It’s exciting when you get the call from a potential employer about an interview for next Tuesday. You spend the weekend preparing for it, ensuring you have extra copies of your resume, going over key interview questions, and picking out the perfect professional attire.

Finally, Tuesday comes, and you head into the interviewer’s office, make eye contact, smile, and speak with confidence. You offer distinct examples of your expertise and how you are the solution to their problems.

Then, it’s over. You breathe a sigh of relief and walk away confident that you’ve made the best impression and you feel confident that you’ll get the job.

But then you receive the call -- they’ve gone with another candidate. You’re devastated. You start by thinking back, replaying every moment of the interview in your mind, and trying to discover what you did wrong. Did you over embellish an example? Were you too forthcoming with information? What could’ve gone wrong?

Would you be surprised if the problem was never really you? Actually, most of the time you’ll find employers don’t hire you not because you weren’t suited, but because there was someone who was better suited for the job.

Stings, doesn’t it? However, this is an example of an element of the job search that you cannot control. Instead of focusing on those factors outside your control, spend your time working on those elements you can control.

Here are 5 things within your control to improve on to ensure you’re well prepared for those future interviews.

#1 Refine your job-hunting efforts

You have to be prepared for all areas of the job search, which requires refining your efforts. Beyond checking job boards daily or looking at the classified ads in the paper, there are ways to make your job search more effective and efficient. Since 70% of recruiters use social media to determine an applicant’s candidacy, your online presence has to match your efforts.

What to do:

  • Update your social profiles: Remove anything that is less than professional, and update your status regularly. Share content that matches the potential employer you’re trying to impress.
  • Look at your network: Networking has become a key part of the job search now, it’s important to have a strong network of contacts in industries where you’d like to work.
  • Improve your personal branding: Are you consistent across all your social platforms with branding that represents your professional offerings? Use keywords that attract the right employers and share relevant content that engages such employers.

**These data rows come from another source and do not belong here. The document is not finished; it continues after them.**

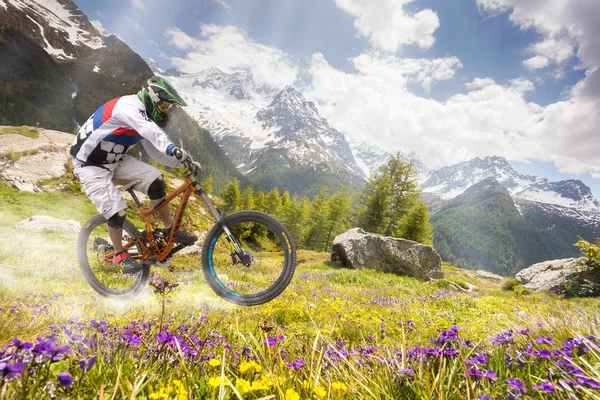 Descente Vtt Dans Environnement Alpin — Photo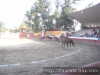 Damian a caballo
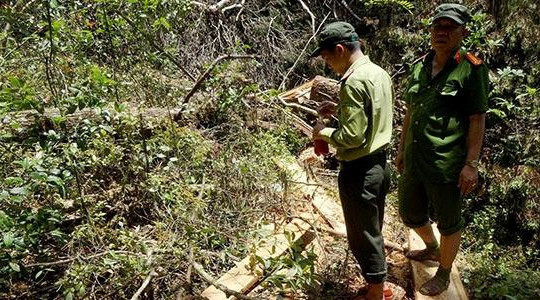 Phá rừng pơ mu Quảng Nam: Bắt 9 đối tượng, chưa khẳng định được biên phòng bao che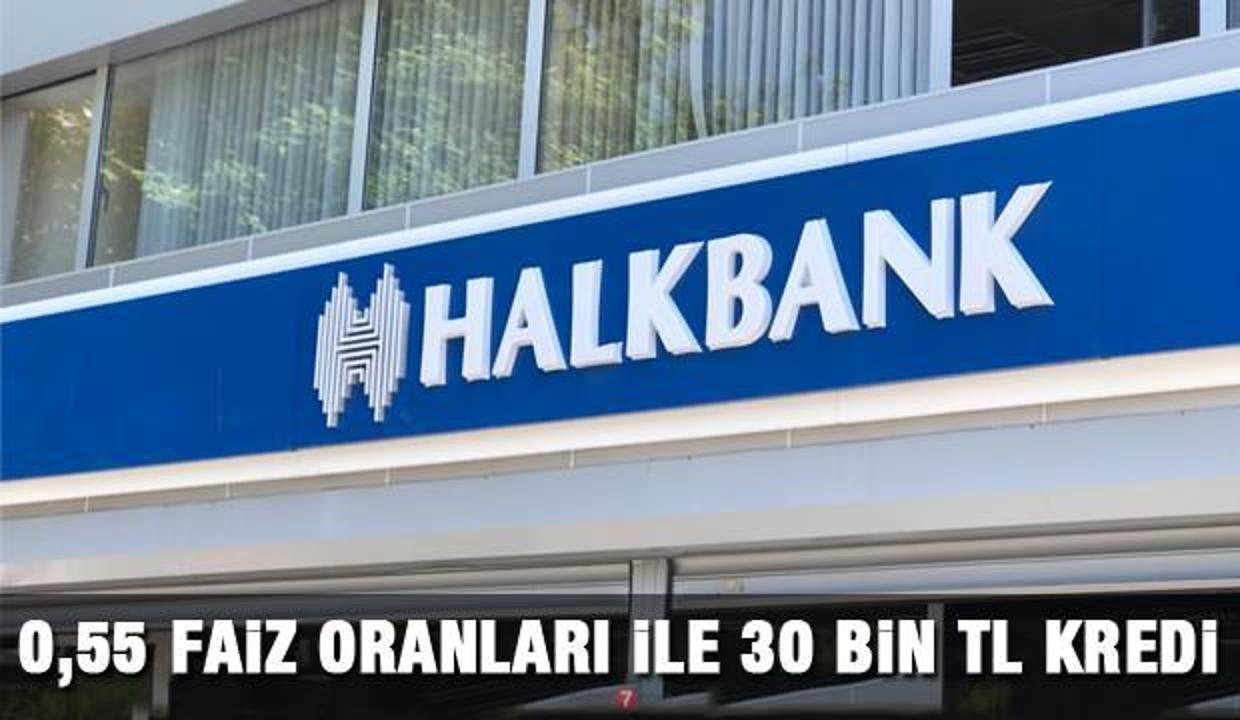 Halkbank 30 bin TL 6 ay ödemesiz ihtiyaç kredisi veriyor! Kredi başvuru ekranı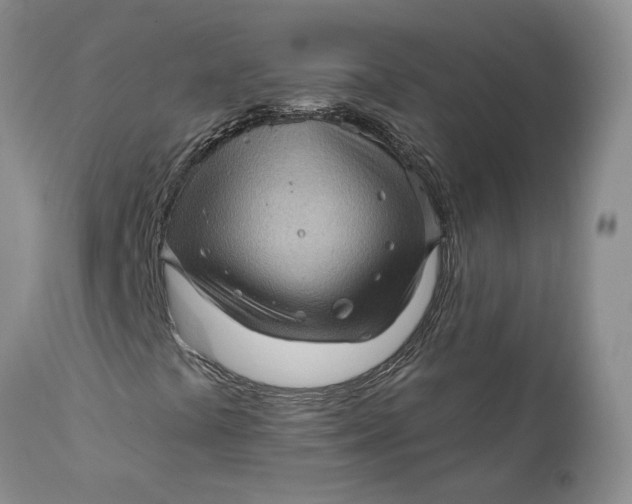 X0000112161441200908281352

Non-controlling element: Remember, you can’t control which companies are hiring or why there isn’t enough availability for the job you want. Employers hire for positions based on need and budget. If their budget can’t cover a specific job, they won’t hire for it. Instead, they’ll probably lump it into another employee’s job responsibilities. Don’t wait for a company to open a job position, keep searching other companies for a similar position.

#2 Search for employers that need your skills/talents

Companies can hire for any position they need, and they may not always hire for your specific skills. If that’s the case, why are you waiting around for them to hire you? It can be tiring, wading through hundreds of job postings only to be disappointed by the current offerings.

What to do:

  • Try creating a list of employers you want to work for that need your skillset. Start with companies you’re familiar with and with places you’d like to work.
  • Research target companies using online resources (LinkedIn) and learn about their immediate needs, problems, and where your skills can make a difference.
  • Gather strong examples of your work and present yourself as the solution to their problems. Figure out what makes you unique and run with it. Don’t falter.

Non-controlling element: Not all jobs will be listed, and some companies only hire for a few major positions at a time. Sometimes, they don’t realize they need your expertise until you present it to them. Keep looking for companies within your industry/career, and reach out when you see an opportunity become available.

#3 Improve your performance and be prepared to sell yourself

The point of an interview is to sell yourself. You want to show ideal employers that you’re the solution to their problems, and that you have the knowledge and skills to make it happen. Before you go into your interview, you need to prepare yourself to make a good impression and to demonstrate your value.

What to do:

  • Understand the company:
    • Do you know the company? The industry?
    • Can you name their culture, brand style, or latest news?
    • Do you know their primary clients and what they offer?

All of this is key to selling yourself correctly by knowing the company to which you are applying.

  • Tell a story: The best marketers use storytelling to sell a product to a potential prospect. Try to imagine yourself as a marketer, selling yourself to a potential employer. When you use storytelling in your interview examples, you have a better chance of holding the interviewer’s interest. And more than that, over 60% of people are likely to remember a story better, especially if it has a major emotional impact on them.
  • Show don’t tell: Go beyond the normal phrases when giving examples of your background or talents. Instead of saying, “I’m a leader,” tell a story about a time you have lead a team to gain attention and show that you are a leader.
    • Try something like, “Successfully led two cross-functional sales and marketing teams to gain an ROI of $25M in less than six months.” This sounds stronger, more interesting, and detailed.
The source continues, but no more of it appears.